I’m relatively new to ZFS, I’m familiar with the basics but haven’t been using it for much more than my home lab. From what I’ve seen, it looks like recordsize is one of the more important tunables on a dataset, especially for workloads such as databases or VMs. General wisdom seems to be to match the typical size of your IO operations, which makes sense.
The problem I’m facing is finding that typical size for an arbitrary workload. There are some resources on good recordsizes for various popular workloads, but there are also lots for which there is no information. Generally, it looks like one needs intimate knowledge of a workload’s implementation to determine optimal recordsize, which isn’t always possible.

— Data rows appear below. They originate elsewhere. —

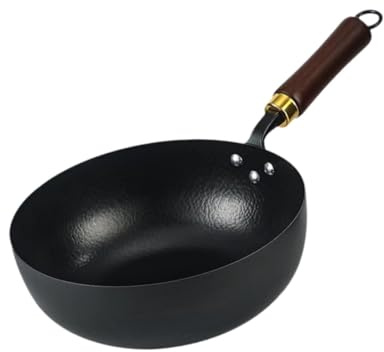 Padella wok antiaderente in ghisa con manico in legno, universale, per tutti i piani cottura da 20 cm o 24 cm, diametro 24 cm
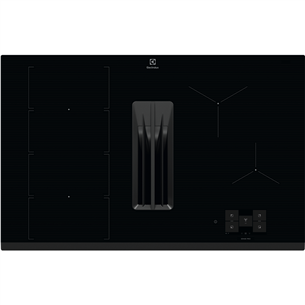 Electrolux 900 XT SensePro, platums 80 cm, melna - Iebūvējama indukcijas plīts virsma ar tvaika nosūcēju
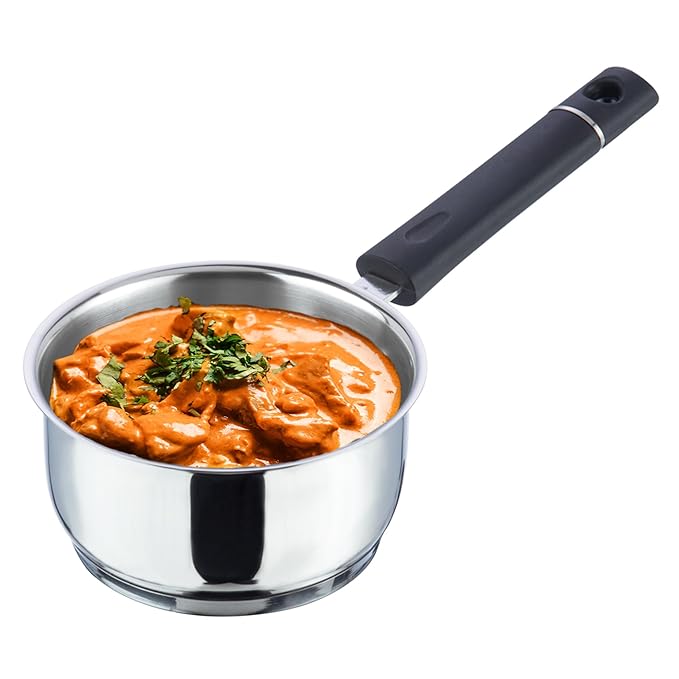 Vinod Tivoli Heavy Guage Stainless Steel Saucepan - 1.1 Litre (14cm) | SAS Bottom | 2 Layer Extra Thick Aluminum Core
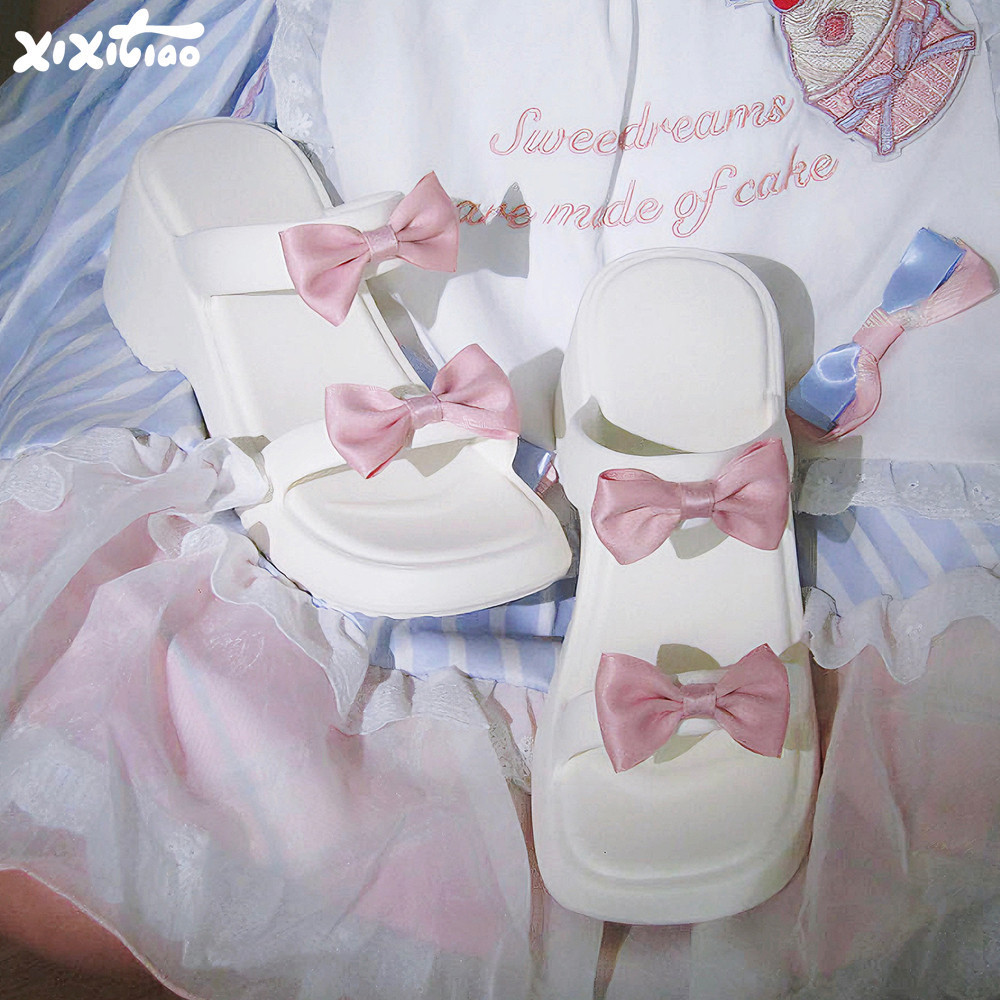 XIXITIAO Dép Dép Nữ Dây Đeo Đôi lolita Giày Tăng Chiều Cao 8cm Dép Ngoài Trời Mùa Hè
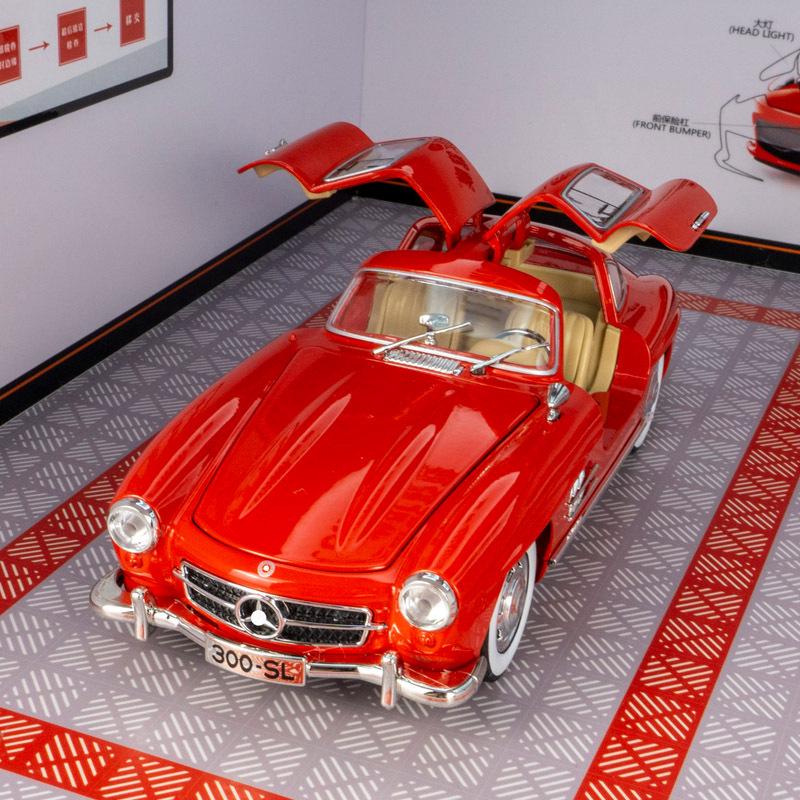 

Jinlifang 1901-380 Модель классического автомобиля Mercedes-Benz 300SL из сплава с дверями «крыло чайки». чёрный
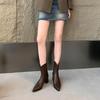 Thick heel square head short boots women's fat mm high heel elastic thin boots thick legs big tube circumference large size women's shoes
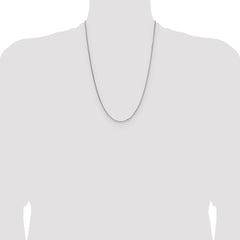 Sterling Silver Rhodium-plated 1.45mm 8 Sided D/C Double Spiga Chain - 7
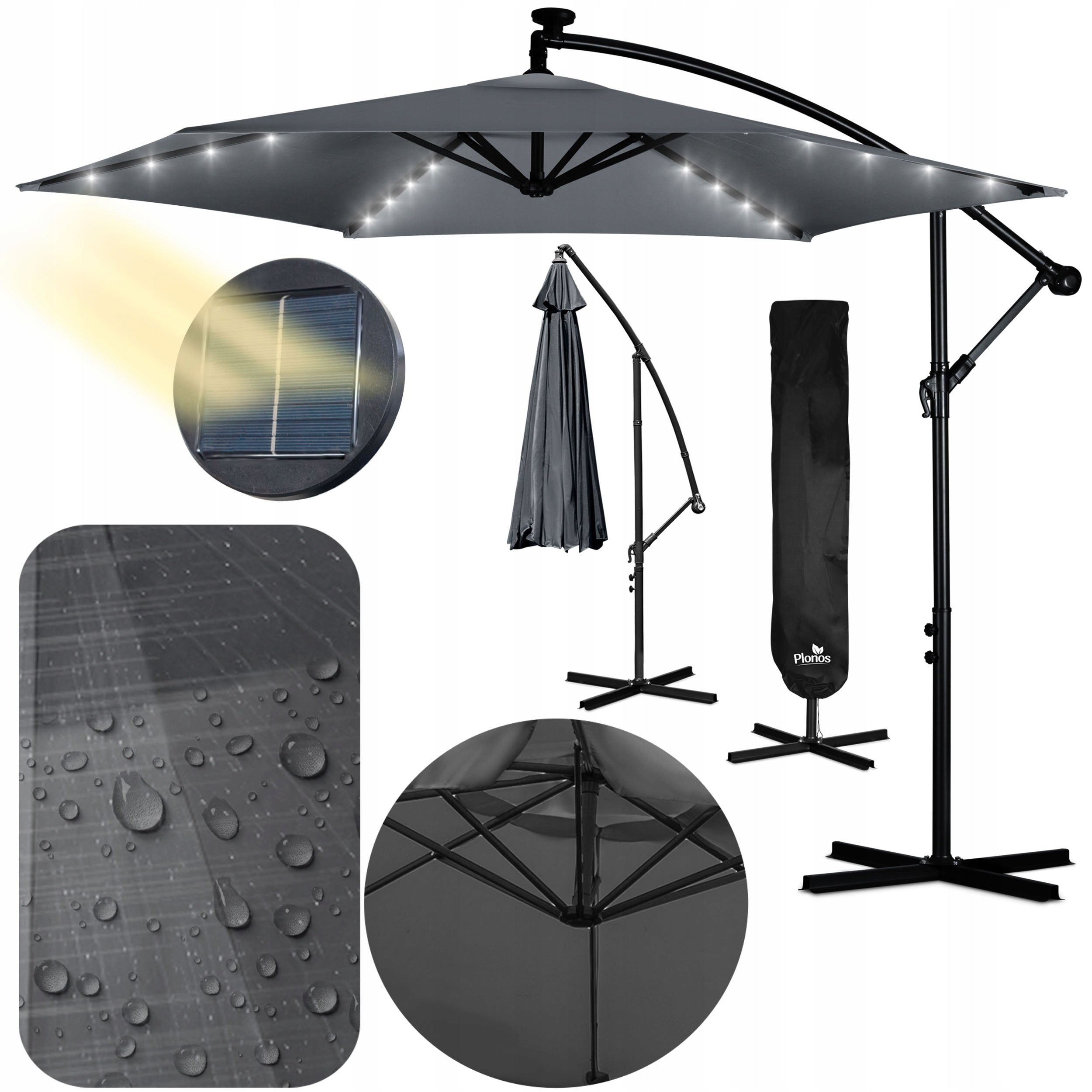 Garden umbrella large folding with boom cover LED lamp Ø 300cm
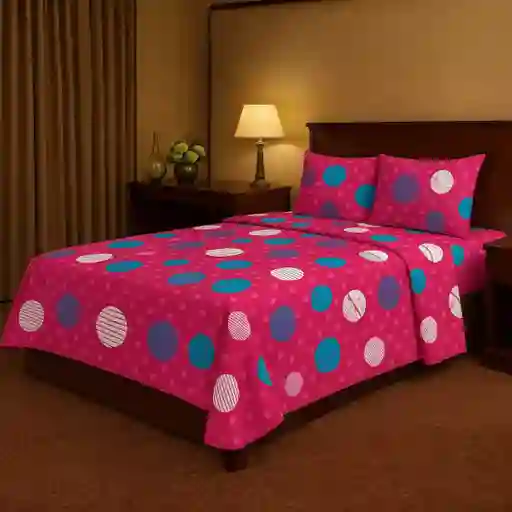 Juego De Sábanas Estampadas En Microfibra Tamaño Doble Circulos Fucsia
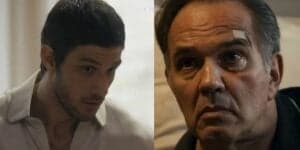 Ari e Guerra em cenas de Travessia (Foto: Reprodução / Globo / Montagem TV Foco) Ari e Guerra em cenas de Travessia (Foto: Reprodução / Globo / Montagem TV Foco)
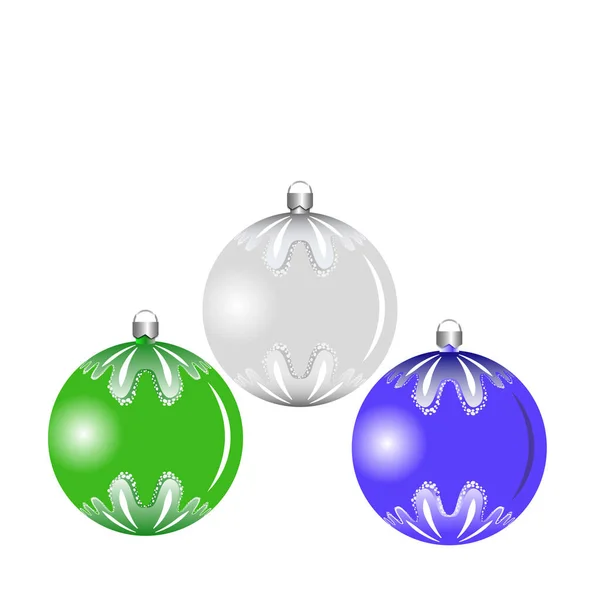 Conjunto Hermosas Bolas Navidad Sobre Fondo Blanco Vector — Vector de stock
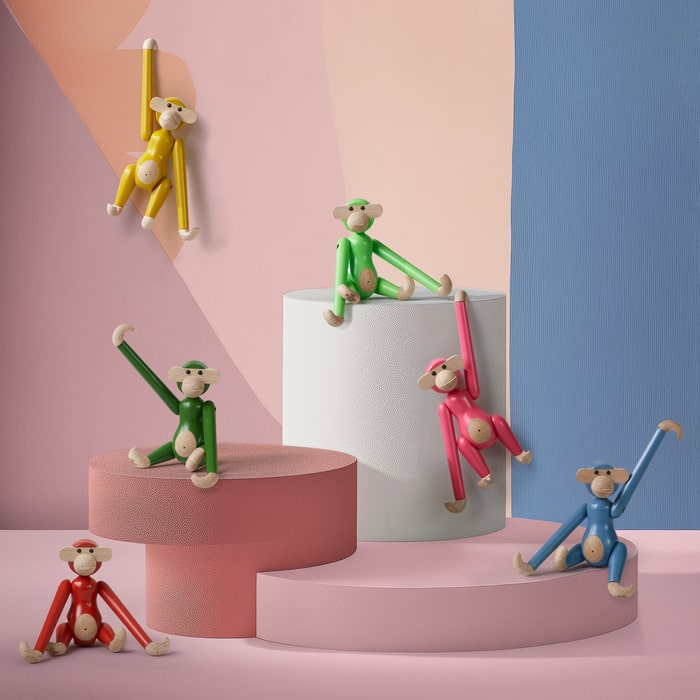 Kay Bojesen Monkey, Mini, Pink, H: 3.7"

In my specific use case, I’m looking to store InfluxDB data on ZFS, but cannot seem to find much information on what typical IO looks like for this workload. I could (and probably still will) talk to InfluxDB experts and devs and look at the source code, to see if I can determine a typical write size. That’s a pretty significant amount of effort, and I might still get it wrong, not to mention some workloads will be opaque and closed-source enough that investigating its write characteristics is not an option.
I’m wondering if there’s a more generic, empirical way to determine the typical size of IO for a workload, given that you already have the ability to deploy it? Is there some program or filesystem utility (ZFS or otherwise) that logs and profiles the size of IO operations on a dataset/filesystem, so I can figure out the recordsize from a real usage scenario?
I can see the use in deploying some workloads on an untuned ZFS or on a non-ZFS storage solution until I can determine the right recordsize, and then migrating them to ZFS with decent confidence that I tuned the recordsize correctly.